● Brief: Copy out each line of the data that holds the string "Jeep".

Stored records:
====
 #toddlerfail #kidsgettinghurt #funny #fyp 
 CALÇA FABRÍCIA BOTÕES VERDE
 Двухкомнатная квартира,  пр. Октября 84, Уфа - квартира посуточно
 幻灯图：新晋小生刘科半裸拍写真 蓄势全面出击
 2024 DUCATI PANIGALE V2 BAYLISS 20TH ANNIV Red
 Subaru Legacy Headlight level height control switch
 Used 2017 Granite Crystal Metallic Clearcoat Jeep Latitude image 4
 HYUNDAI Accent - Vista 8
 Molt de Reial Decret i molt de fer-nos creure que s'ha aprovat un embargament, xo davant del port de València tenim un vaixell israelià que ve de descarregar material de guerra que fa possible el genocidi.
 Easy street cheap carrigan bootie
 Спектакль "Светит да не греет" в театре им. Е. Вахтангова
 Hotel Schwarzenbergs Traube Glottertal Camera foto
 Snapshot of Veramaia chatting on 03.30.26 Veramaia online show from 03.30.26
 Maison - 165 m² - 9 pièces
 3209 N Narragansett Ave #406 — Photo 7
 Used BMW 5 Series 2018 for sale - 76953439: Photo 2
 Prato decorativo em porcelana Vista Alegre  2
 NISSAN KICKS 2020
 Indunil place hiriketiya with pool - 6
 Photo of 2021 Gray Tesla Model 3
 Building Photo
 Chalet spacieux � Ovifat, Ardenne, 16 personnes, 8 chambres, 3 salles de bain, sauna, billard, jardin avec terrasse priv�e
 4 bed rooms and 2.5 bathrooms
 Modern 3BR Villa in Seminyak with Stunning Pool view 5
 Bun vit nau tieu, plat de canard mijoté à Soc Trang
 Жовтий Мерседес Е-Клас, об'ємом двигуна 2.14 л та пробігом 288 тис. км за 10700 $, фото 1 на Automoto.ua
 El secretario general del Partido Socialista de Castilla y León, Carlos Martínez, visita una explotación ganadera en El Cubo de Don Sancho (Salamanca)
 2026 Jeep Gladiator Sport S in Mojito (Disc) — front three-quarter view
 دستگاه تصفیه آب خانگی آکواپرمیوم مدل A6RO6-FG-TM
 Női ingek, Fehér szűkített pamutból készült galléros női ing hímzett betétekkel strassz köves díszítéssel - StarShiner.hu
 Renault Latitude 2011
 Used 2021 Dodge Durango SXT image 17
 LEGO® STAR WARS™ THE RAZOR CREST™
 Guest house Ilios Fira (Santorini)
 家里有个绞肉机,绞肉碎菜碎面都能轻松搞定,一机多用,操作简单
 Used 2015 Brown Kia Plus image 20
====
● Task solution:
 Used 2017 Granite Crystal Metallic Clearcoat Jeep Latitude image 4
 2026 Jeep Gladiator Sport S in Mojito (Disc) — front three-quarter view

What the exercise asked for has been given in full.